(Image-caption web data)

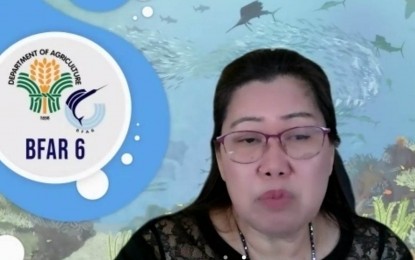 <p><strong>WATER SAMPLE</strong>. Bureau of Fisheries and Aquatic Resources (BFAR) Regional Director Remia Aparri, during a virtual press conference on Thursday (March 9, 2023), says they would subject to laboratory test water samples taken from areas affected by the oil spill in Caluya, Antique. Aparri said residents in oil spill-affected barangays are advised to refrain from eating fish and other marine products taken from affected areas as precautionary measures. <em>(PNA photo by Annabel Consuelo J. Petinglay)</em></p>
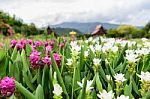 Pink And White Siam Tulip Flower (curcuma Alismatifolia) Blossom Stock Photo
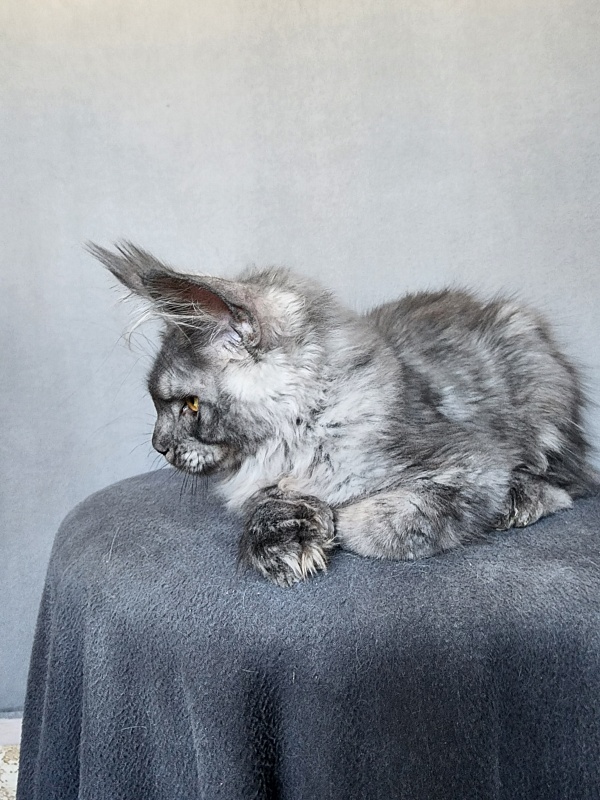 Haval Akbars (polydactyl 66/66) - Kitten maine-coon 4 months 1 week
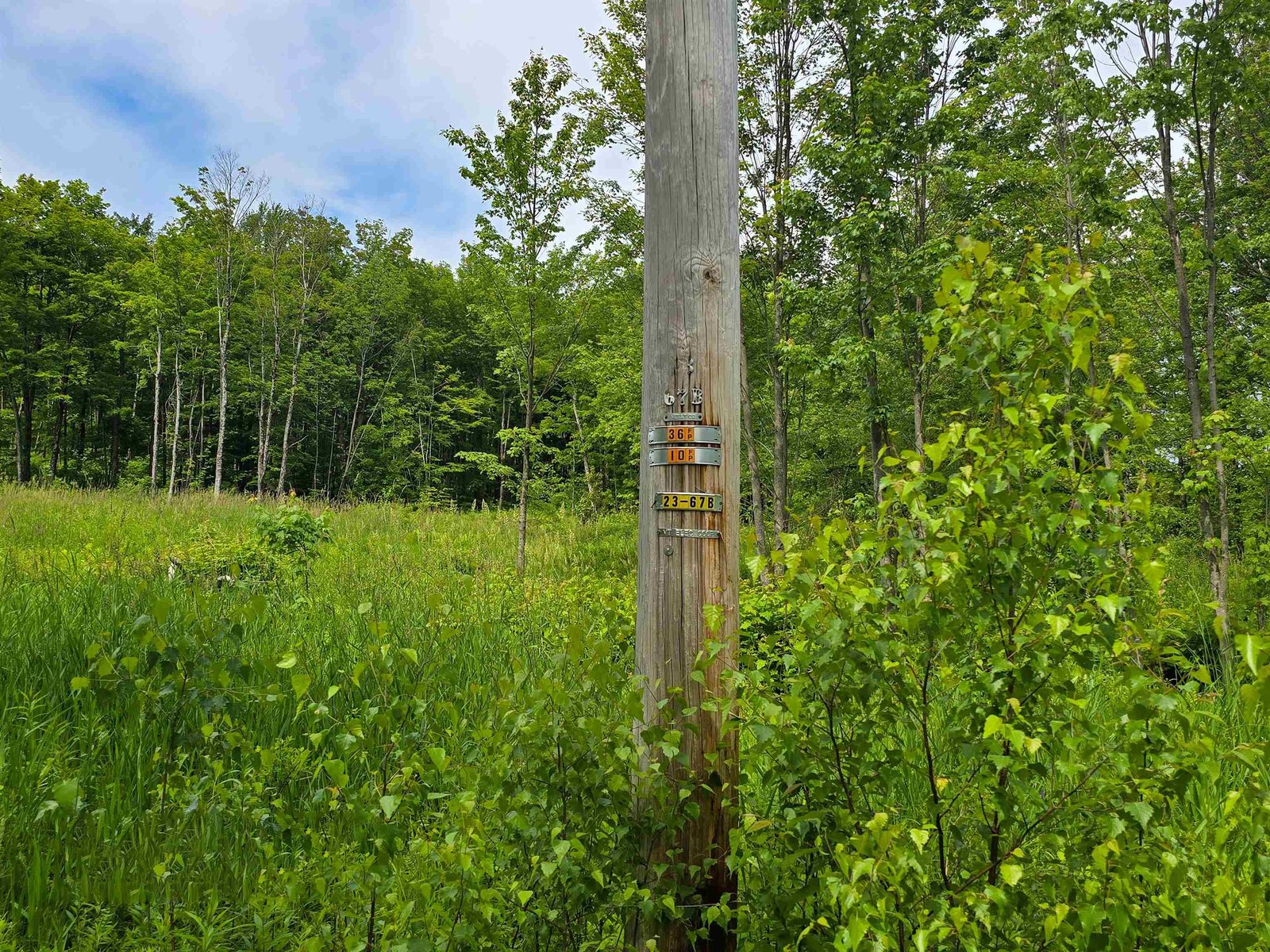 Pole on Property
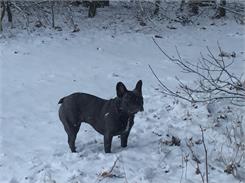 Farmina Vet Life Hipoallergenic Ryba I Ziemniaki 12Kg
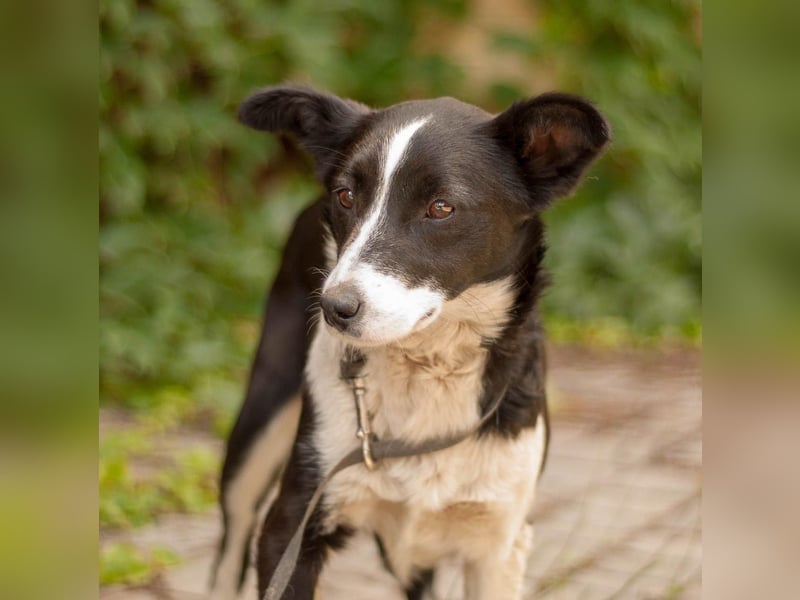 Ryabka - absolut verträglich und loyal (Ukraine) Ryabka - absolut verträglich und loyal (Ukraine)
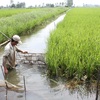 Agro-model adapts climate change
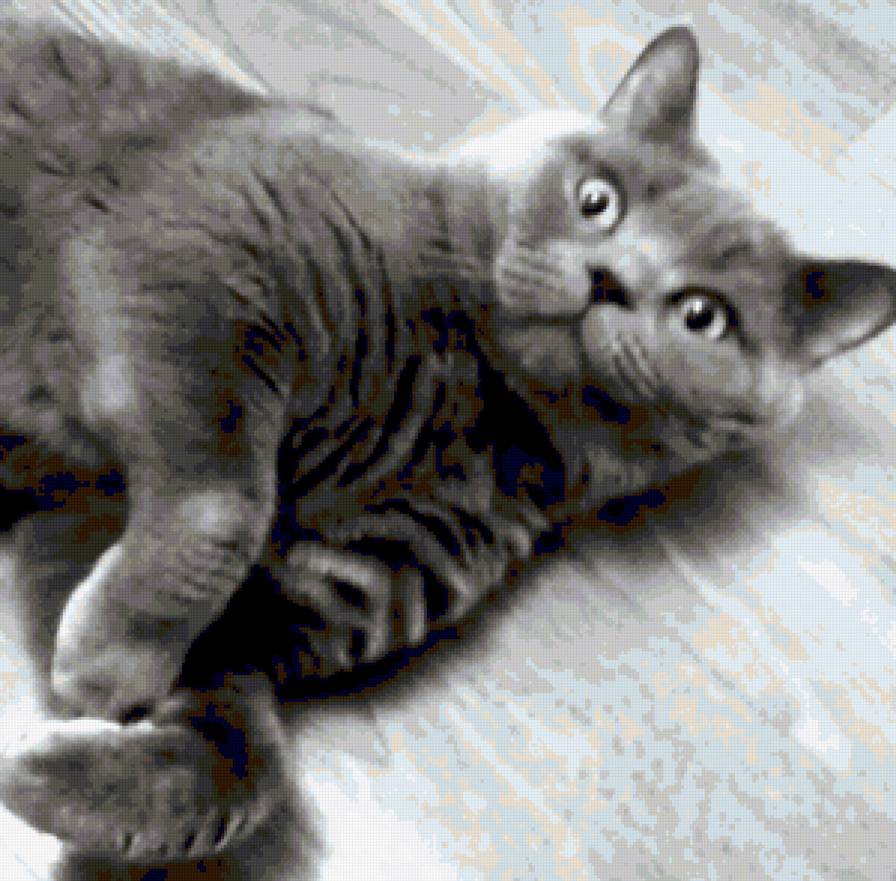 байт (черно белое) - черно белое, кошки, животные - предпросмотр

Your goal: Every line from the one containing "Agro-model adapts climate change" to the final line of the records must be transcribed exactly, both ends included, with the pictures left out.

Result of this task:
 Agro-model adapts climate change
 байт (черно белое) - черно белое, кошки, животные - предпросмотр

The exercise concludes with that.